Three others to try: Food books
- The List
- 13 March 2008
How to Cook for Food Allergies
by Lucinda Bruce-Gardyne, Rodale, £16.99
Another local author, Lucinda Bruce-Gardyne is a professional cook with children who suffer from various food allergies including dairy, egg and gluten intolerance. As a way of empowering other sufferers and parents she has put together a hugely practical book rooted in the belief that good, real food can still be enjoyed despite allergies. She offers sound basic cooking skills to give you the confidence to cook from scratch, tips and techniques for adapting established recipes and practical approaches to issues such as eating in restaurants, eating at parties and maintaining a varied, interesting diet despite the restrictions.

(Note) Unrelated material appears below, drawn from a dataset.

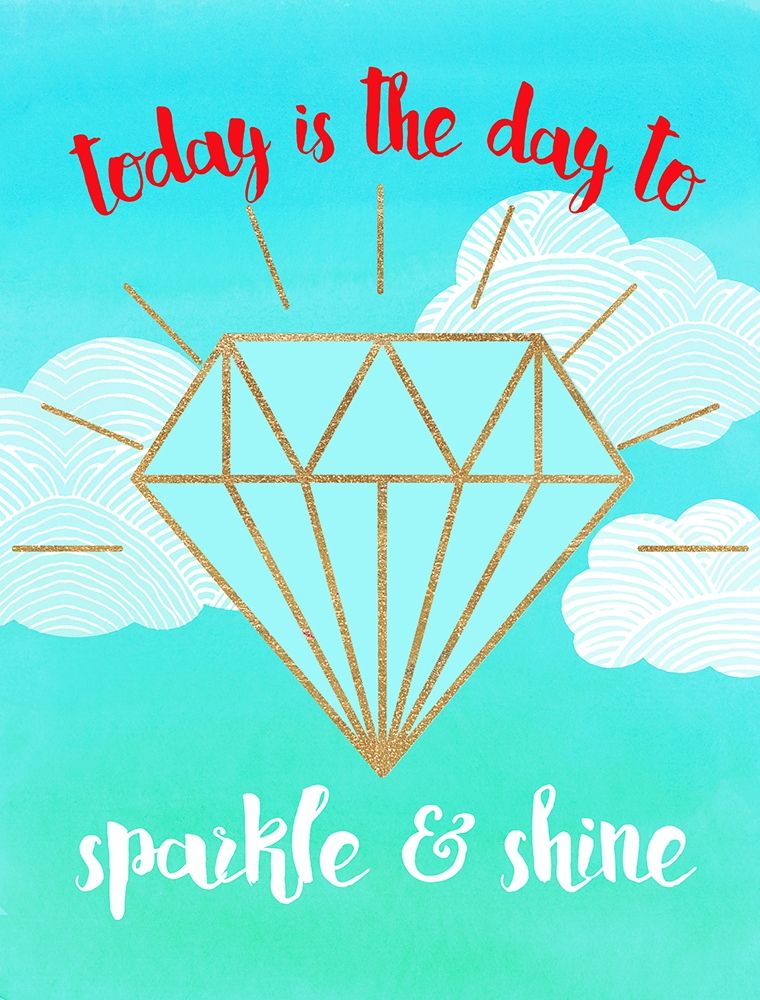 Sparkle and Shine art print by Bella Dos Santos for $57.95 CAD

Delia’s How to Cheat at Cooking
by Delia Smith, Ebury, £20
When honesty and integrity in food is putting up a commendable resistance in the face of dominating supermarkets, you have to wonder why on earth Delia is making a virtue out of dishonesty and subterfuge. The same Delia who once championed the basics and doing things simply but properly. Is it sheer contrariness that recipe number one lists Aunt Bessie’s Homestyle frozen crispy potatoes and ready-grated Gruyère from Tesco? There are some useful ideas and sensible short-cuts to eating well when time is short, but they sit very uncomfortably alongside frequent endorsements for processed food from name-checked supermarkets and suppliers.
In Defense of Food
by Michael Pollan, Allen Lane, £16.99
In the tradition of urbane, liberal, erudite American journalist-researchers (think Bill Bryson, Simon Schama) comes this engaging argument to reclaim our relationship with food from dabbling food scientists, big business, nefarious food marketing and rudderless, sensation-seeking journalism (‘Eat chocolate! Don’t eat chocolate!’). The best bit of the book is the final section where Pollan explains some useful maxims for those of us keen to eat well, among them: avoid food products that make heath claims, do all your eating at a table (no, a desk is not a table), and don’t get your fuel from the same place your car does.